Diagnosing Noises in Your Car
Sometimes your vehicle sounds louder than usual. If this is the case, look for an exhaust leak. These leaks often start out small but grow larger and louder over time. An easy way to check for the source of an exhaust leak is to simply place a rag or some sort of restriction on the tail pipe while the engine is running. This will force the exhaust to leak out more in the area where the leak is, making it easier to find. Here’s a video demonstrating the process.
Rattles come in all shapes and sizes. Some can be small and annoying, while others can sound like your transmission is about to fall out. The latter is often easier to find; just look for the loose parts.
The smaller rattles might be harder to find. For those, you can use the methods shown in the Finding Noises video to help pinpoint their location. One common source of rattles is loose exhaust shields. These can be fairly easy to fix. I normally take a hose clamp or series of hose clamps and tighten them around the loose exhaust part. Here’s a video showing that process.
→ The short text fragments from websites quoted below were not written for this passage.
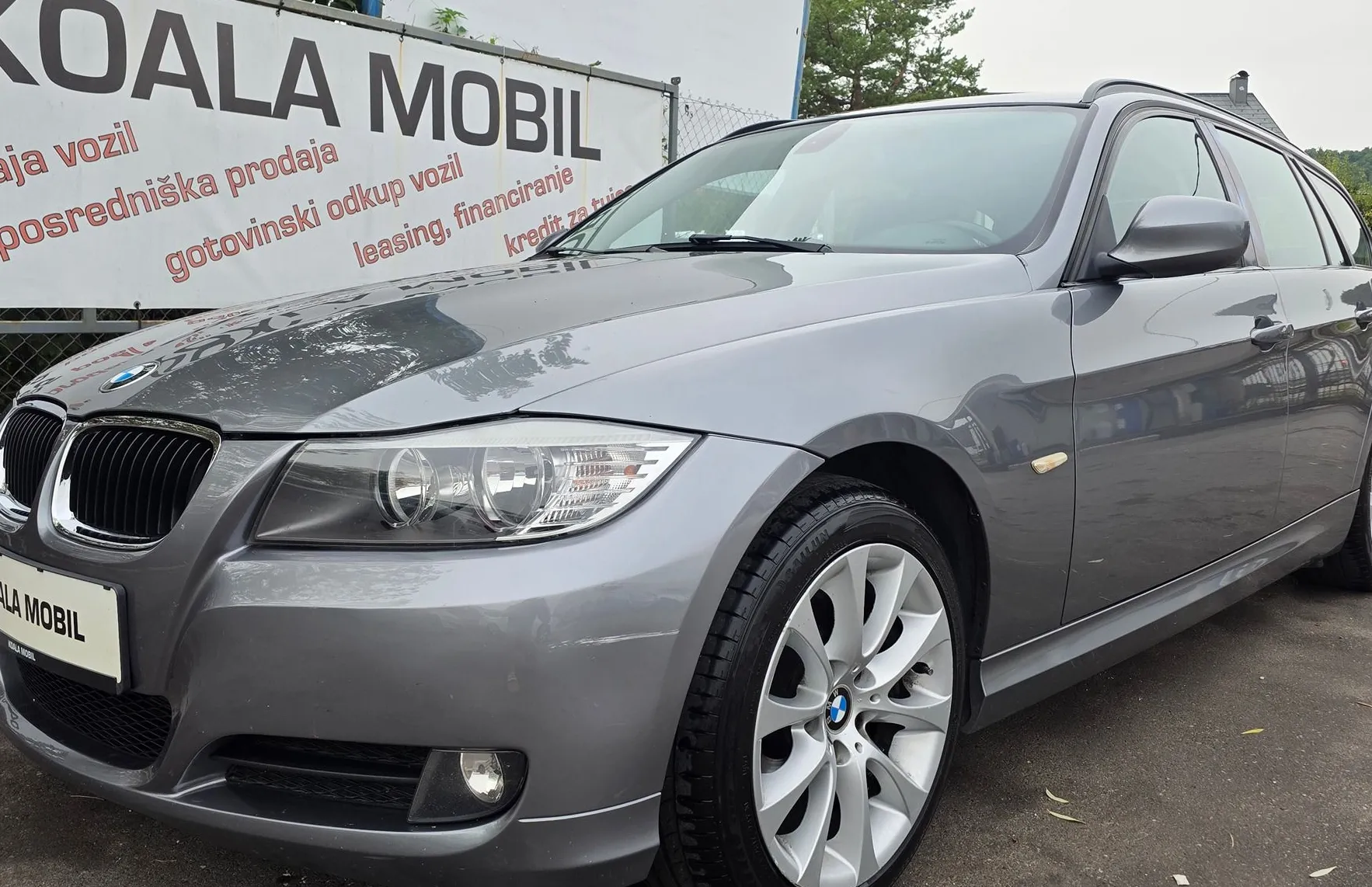 Zunanja slika - BMW Serija 3 - Touring: 318D TOURNING PROF. NAVI-ALU PLATIŠČA-PDC - 20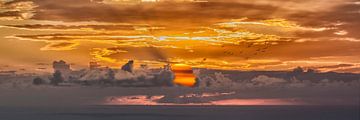 Sunrise over the sea by Uwe Merkel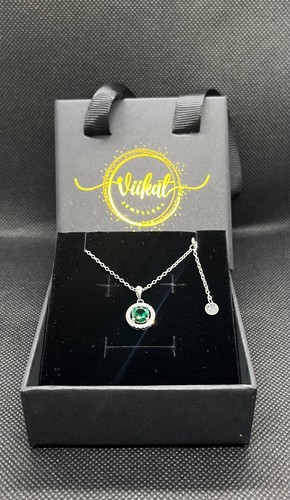 Emerald round halo necklace - round,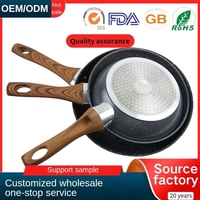 Poêle à frire classique nordique en aluminium de 18 cm antiadhésive avec manche en bois, écologique, pour cuisinière à gaz - Vente en gros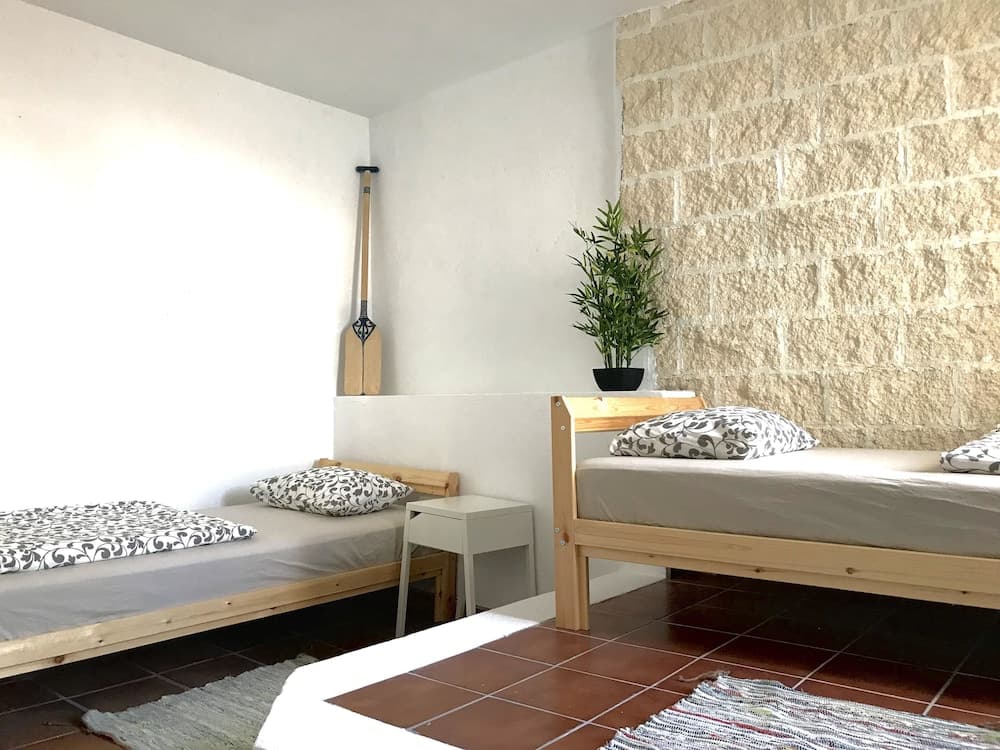 Endless Summer Hostel - Adults Only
If you’ve read this entire article, you’re probably seeing a recurring theme here: Narrow down the source of the noise, repair the suspected components, and recheck for the noise. That’s about it really. The hardest part is finding the source. Noises can be tricky. I once spent four days tracking down a noise in a vehicle before I finally found the problem, which ended up being worn bushings in the lower control arm. Other noises might be obvious. You might have heard them before and are able to find the source quickly. The point is to take your time and find the source before you break out the credit card to buy new parts. A little time spent diagnosing can save you a bunch in the end.